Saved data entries
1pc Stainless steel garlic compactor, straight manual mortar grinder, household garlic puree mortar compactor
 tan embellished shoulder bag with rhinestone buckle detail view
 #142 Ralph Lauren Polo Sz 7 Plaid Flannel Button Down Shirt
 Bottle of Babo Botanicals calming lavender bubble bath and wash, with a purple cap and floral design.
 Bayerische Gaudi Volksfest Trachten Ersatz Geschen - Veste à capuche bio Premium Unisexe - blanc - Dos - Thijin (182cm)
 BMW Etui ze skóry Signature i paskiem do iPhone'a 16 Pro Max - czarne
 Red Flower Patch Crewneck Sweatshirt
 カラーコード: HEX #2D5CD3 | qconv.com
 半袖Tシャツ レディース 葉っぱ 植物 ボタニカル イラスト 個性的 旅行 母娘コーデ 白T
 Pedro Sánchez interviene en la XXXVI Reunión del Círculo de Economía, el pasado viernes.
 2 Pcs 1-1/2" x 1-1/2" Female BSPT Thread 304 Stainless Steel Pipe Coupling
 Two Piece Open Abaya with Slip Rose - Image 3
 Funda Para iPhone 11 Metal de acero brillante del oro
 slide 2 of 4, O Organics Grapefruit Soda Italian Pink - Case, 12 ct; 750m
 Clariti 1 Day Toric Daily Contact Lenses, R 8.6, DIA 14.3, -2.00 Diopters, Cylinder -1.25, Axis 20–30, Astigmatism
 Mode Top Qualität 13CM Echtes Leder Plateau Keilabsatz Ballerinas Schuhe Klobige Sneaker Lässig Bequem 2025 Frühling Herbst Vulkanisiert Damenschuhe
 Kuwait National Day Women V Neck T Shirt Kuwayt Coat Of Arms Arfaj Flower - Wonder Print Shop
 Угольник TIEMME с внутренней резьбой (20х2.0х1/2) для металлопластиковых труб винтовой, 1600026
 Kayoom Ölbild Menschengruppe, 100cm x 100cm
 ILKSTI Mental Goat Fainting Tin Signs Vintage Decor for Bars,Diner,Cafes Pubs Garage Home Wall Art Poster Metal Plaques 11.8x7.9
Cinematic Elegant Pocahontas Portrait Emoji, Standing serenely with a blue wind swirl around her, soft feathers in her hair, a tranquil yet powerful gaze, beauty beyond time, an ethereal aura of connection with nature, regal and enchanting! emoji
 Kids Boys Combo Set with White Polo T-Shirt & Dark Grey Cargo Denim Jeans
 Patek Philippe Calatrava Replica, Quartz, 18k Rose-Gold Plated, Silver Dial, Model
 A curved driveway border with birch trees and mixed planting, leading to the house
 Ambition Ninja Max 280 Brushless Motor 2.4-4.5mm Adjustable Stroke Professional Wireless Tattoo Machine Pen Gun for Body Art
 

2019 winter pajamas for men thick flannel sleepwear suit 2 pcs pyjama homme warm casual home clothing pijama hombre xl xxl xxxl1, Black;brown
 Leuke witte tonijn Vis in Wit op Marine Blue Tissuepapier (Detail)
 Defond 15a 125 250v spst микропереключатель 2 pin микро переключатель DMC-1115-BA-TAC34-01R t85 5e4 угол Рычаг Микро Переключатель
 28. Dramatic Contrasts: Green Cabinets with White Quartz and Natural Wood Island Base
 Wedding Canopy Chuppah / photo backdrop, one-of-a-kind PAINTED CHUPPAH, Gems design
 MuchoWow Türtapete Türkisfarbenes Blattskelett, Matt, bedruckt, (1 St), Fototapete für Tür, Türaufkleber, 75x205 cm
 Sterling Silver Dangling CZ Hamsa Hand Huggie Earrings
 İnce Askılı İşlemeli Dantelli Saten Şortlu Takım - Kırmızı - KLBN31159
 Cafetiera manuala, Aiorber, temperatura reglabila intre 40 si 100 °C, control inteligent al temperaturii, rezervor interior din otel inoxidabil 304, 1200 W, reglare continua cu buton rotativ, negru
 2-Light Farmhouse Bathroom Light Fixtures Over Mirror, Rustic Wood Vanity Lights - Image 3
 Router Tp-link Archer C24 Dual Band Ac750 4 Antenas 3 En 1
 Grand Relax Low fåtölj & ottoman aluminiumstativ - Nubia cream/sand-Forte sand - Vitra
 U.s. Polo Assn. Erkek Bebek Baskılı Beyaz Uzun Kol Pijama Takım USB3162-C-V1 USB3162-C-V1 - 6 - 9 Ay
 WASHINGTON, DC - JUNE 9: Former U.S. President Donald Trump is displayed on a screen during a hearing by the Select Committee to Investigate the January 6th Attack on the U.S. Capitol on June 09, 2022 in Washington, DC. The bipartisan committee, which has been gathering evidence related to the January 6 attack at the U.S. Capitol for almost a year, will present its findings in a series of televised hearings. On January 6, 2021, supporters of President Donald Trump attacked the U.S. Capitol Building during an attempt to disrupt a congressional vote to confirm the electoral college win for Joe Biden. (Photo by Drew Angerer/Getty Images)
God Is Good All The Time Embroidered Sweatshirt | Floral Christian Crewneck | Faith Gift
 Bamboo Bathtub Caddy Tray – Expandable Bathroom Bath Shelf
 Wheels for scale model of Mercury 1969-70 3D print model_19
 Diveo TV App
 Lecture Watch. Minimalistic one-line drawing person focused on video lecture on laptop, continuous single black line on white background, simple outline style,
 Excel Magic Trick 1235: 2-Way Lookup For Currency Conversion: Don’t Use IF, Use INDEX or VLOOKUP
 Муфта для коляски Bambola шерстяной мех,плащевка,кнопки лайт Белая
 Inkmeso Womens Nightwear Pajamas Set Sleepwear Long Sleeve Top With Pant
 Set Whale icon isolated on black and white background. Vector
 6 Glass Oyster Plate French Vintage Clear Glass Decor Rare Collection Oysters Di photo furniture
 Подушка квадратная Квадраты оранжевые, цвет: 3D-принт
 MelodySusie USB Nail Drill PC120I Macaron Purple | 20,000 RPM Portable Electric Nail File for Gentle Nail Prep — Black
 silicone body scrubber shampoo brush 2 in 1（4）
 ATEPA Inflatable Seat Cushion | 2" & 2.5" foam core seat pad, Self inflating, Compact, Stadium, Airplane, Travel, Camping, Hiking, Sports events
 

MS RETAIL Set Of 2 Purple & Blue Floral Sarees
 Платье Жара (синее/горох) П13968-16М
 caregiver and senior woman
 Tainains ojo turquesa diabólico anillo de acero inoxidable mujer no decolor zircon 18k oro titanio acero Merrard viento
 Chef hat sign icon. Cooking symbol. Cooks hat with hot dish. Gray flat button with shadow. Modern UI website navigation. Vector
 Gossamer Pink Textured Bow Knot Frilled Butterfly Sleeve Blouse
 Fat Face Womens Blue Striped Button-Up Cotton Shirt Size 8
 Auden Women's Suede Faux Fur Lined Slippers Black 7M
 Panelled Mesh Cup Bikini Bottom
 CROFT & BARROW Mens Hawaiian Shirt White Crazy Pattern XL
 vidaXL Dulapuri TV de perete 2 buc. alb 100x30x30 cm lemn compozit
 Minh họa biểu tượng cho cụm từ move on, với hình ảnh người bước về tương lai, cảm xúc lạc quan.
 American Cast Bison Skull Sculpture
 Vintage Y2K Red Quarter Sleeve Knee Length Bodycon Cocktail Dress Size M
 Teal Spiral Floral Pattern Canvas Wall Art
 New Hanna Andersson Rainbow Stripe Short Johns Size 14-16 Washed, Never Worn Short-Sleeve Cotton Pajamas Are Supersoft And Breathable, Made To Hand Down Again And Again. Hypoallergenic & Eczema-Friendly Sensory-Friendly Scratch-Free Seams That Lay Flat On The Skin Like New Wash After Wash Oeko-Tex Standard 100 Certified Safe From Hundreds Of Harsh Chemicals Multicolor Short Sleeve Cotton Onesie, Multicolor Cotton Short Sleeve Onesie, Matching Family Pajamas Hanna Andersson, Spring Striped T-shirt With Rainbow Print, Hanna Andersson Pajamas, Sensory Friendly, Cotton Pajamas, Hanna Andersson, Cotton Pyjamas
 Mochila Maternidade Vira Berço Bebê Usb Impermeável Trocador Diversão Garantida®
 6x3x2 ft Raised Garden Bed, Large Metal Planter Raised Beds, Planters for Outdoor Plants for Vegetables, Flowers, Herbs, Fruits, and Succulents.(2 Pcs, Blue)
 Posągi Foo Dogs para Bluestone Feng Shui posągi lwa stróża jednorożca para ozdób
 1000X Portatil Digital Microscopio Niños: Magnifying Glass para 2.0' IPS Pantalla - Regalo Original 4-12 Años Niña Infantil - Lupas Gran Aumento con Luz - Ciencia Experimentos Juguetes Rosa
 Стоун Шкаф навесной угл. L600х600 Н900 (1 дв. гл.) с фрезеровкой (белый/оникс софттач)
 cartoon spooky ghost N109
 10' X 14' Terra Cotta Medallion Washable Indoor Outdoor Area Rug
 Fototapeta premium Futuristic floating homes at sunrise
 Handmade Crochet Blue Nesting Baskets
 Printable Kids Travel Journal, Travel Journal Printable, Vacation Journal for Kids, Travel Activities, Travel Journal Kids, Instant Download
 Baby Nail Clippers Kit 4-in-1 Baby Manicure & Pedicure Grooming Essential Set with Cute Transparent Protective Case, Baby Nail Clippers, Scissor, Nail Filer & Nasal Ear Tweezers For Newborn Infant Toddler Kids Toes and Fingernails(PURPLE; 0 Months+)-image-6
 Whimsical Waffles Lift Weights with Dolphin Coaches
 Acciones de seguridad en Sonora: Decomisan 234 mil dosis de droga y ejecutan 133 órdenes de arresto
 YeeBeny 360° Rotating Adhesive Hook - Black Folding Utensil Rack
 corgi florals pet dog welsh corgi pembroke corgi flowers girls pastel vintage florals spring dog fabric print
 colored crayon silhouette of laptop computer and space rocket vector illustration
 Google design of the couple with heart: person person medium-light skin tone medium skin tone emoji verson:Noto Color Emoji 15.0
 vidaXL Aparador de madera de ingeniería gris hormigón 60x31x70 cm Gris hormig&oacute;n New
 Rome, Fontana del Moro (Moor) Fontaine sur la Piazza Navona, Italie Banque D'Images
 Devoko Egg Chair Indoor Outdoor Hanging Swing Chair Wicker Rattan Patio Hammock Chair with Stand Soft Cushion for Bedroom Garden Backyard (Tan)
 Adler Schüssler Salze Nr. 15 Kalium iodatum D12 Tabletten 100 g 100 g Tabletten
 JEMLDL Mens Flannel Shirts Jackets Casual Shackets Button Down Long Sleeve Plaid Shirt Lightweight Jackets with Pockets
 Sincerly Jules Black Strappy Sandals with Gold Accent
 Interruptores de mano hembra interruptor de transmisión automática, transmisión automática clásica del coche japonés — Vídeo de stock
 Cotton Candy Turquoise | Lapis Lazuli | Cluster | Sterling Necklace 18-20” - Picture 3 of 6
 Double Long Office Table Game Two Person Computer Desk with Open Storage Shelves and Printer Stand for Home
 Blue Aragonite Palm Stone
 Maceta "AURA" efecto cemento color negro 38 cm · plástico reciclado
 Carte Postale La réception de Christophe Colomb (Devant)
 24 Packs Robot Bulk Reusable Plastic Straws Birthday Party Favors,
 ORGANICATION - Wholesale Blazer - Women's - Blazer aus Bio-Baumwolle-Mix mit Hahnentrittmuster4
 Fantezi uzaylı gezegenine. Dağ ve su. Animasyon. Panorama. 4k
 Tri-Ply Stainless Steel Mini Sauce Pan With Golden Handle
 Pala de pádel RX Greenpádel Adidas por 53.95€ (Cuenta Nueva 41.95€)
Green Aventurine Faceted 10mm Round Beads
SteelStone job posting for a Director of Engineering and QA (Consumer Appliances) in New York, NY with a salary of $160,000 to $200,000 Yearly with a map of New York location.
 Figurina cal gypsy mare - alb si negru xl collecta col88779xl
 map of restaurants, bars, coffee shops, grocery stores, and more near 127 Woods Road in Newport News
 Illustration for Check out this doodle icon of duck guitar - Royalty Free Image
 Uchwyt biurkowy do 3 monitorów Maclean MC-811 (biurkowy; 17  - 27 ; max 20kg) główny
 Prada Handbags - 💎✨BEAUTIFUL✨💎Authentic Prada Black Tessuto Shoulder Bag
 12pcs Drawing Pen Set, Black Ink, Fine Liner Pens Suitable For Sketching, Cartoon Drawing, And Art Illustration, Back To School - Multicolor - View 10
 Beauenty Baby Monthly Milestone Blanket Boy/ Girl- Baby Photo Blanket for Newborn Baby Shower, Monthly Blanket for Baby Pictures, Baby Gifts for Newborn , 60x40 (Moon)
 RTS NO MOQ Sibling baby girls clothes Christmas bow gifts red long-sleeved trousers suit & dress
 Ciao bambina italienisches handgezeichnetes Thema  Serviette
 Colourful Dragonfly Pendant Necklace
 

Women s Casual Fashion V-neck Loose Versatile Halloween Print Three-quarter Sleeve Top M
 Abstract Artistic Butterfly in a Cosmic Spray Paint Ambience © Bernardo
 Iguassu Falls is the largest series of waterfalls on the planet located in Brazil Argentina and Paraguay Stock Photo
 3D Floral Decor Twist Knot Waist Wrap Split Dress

Requirement:
Start with the first line of the data and print every line exactly. The line containing "slide 2 of 4, O" is the last one to include.

Result for this task:
1pc Stainless steel garlic compactor, straight manual mortar grinder, household garlic puree mortar compactor
 tan embellished shoulder bag with rhinestone buckle detail view
 #142 Ralph Lauren Polo Sz 7 Plaid Flannel Button Down Shirt
 Bottle of Babo Botanicals calming lavender bubble bath and wash, with a purple cap and floral design.
 Bayerische Gaudi Volksfest Trachten Ersatz Geschen - Veste à capuche bio Premium Unisexe - blanc - Dos - Thijin (182cm)
 BMW Etui ze skóry Signature i paskiem do iPhone'a 16 Pro Max - czarne
 Red Flower Patch Crewneck Sweatshirt
 カラーコード: HEX #2D5CD3 | qconv.com
 半袖Tシャツ レディース 葉っぱ 植物 ボタニカル イラスト 個性的 旅行 母娘コーデ 白T
 Pedro Sánchez interviene en la XXXVI Reunión del Círculo de Economía, el pasado viernes.
 2 Pcs 1-1/2" x 1-1/2" Female BSPT Thread 304 Stainless Steel Pipe Coupling
 Two Piece Open Abaya with Slip Rose - Image 3
 Funda Para iPhone 11 Metal de acero brillante del oro
 slide 2 of 4, O Organics Grapefruit Soda Italian Pink - Case, 12 ct; 750m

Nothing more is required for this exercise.